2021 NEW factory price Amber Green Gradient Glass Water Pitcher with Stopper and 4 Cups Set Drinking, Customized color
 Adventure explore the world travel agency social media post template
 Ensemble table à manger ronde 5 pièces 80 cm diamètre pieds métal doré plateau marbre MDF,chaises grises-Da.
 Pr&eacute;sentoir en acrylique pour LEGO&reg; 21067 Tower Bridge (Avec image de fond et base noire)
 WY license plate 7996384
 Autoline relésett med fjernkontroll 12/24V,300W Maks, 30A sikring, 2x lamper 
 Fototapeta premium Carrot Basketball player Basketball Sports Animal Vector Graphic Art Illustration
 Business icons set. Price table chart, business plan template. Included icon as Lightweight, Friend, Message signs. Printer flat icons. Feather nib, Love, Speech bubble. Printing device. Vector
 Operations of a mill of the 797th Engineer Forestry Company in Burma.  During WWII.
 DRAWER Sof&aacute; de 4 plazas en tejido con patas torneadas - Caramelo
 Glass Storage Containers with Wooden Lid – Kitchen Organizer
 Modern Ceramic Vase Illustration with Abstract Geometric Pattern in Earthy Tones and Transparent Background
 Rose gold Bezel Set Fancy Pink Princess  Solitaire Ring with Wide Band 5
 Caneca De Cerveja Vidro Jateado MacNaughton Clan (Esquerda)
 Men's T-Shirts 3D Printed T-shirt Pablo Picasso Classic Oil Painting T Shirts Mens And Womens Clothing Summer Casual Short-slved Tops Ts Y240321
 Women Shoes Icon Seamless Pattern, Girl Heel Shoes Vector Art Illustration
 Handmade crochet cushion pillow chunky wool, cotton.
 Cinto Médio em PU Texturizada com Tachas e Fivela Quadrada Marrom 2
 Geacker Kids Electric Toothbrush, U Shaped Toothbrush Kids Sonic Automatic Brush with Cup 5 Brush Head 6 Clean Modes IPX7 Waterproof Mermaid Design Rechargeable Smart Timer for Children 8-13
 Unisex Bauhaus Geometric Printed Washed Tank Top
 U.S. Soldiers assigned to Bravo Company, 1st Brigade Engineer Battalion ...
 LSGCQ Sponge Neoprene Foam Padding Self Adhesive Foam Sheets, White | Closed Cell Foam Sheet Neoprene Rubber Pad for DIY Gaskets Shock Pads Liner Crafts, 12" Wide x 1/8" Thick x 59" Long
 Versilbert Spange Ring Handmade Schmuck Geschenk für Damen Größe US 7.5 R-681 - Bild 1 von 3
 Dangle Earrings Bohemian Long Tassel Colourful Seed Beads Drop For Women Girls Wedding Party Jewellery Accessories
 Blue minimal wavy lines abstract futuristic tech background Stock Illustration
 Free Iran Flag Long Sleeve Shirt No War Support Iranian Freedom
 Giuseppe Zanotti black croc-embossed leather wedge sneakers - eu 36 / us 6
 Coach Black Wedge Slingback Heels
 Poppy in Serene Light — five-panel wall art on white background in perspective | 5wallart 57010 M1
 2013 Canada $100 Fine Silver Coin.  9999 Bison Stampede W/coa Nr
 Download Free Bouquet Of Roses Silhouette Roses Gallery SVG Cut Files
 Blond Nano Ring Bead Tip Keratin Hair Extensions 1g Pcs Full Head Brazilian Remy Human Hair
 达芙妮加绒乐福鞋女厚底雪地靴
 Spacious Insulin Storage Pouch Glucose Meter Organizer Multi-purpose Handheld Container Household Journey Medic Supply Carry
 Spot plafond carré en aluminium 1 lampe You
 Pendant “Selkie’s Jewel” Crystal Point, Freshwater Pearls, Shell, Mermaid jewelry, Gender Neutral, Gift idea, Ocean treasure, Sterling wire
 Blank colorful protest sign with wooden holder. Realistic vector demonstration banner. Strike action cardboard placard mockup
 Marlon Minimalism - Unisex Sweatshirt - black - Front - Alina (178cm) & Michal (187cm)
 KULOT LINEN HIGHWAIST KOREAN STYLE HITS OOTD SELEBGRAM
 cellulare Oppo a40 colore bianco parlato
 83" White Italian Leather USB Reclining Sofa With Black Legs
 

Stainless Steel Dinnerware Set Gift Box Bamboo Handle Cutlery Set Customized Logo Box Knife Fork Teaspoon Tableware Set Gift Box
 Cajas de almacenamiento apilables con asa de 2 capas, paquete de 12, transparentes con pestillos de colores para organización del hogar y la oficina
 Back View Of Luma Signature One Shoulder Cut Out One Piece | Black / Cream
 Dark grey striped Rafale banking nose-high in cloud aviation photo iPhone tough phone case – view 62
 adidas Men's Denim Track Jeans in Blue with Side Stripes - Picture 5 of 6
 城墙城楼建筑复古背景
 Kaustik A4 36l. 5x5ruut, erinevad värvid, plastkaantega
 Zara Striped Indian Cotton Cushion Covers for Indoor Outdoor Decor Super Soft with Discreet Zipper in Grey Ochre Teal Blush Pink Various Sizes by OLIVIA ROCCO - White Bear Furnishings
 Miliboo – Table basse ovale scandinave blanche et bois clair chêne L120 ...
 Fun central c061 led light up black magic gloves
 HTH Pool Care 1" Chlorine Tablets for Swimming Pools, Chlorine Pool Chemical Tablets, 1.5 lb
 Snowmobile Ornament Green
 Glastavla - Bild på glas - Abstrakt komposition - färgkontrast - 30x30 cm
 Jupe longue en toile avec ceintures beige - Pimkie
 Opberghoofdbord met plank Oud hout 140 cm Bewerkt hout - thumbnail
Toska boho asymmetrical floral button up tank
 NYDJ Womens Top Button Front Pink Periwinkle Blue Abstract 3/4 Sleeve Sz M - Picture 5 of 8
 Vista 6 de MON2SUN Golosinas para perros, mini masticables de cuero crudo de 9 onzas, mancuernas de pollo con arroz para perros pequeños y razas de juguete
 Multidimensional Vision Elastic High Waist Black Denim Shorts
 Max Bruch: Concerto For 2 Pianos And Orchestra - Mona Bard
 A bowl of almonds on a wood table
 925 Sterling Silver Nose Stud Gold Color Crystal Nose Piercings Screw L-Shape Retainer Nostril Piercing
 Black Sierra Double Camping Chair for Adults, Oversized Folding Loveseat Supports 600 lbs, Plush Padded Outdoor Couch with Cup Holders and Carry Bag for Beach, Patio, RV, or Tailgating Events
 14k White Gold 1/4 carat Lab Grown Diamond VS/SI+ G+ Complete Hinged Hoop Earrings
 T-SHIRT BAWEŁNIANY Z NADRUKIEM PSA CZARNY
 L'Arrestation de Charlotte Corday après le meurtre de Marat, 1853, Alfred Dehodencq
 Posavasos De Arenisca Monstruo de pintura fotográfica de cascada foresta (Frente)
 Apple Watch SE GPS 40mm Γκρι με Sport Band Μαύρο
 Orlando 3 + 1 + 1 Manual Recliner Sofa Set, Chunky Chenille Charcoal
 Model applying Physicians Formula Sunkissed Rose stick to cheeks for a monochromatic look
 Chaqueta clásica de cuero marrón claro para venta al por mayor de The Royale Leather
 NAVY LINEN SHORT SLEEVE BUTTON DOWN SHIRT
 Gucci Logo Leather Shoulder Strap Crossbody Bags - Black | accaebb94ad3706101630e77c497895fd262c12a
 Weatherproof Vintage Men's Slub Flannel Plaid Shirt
┄┄┄┄┄┄┄┄┄┄
● **WORK TASK**
Scan the records above for the word "Unisex" and return every line where it occurs.

● **SOLUTION**
 Unisex Bauhaus Geometric Printed Washed Tank Top
 Marlon Minimalism - Unisex Sweatshirt - black - Front - Alina (178cm) & Michal (187cm)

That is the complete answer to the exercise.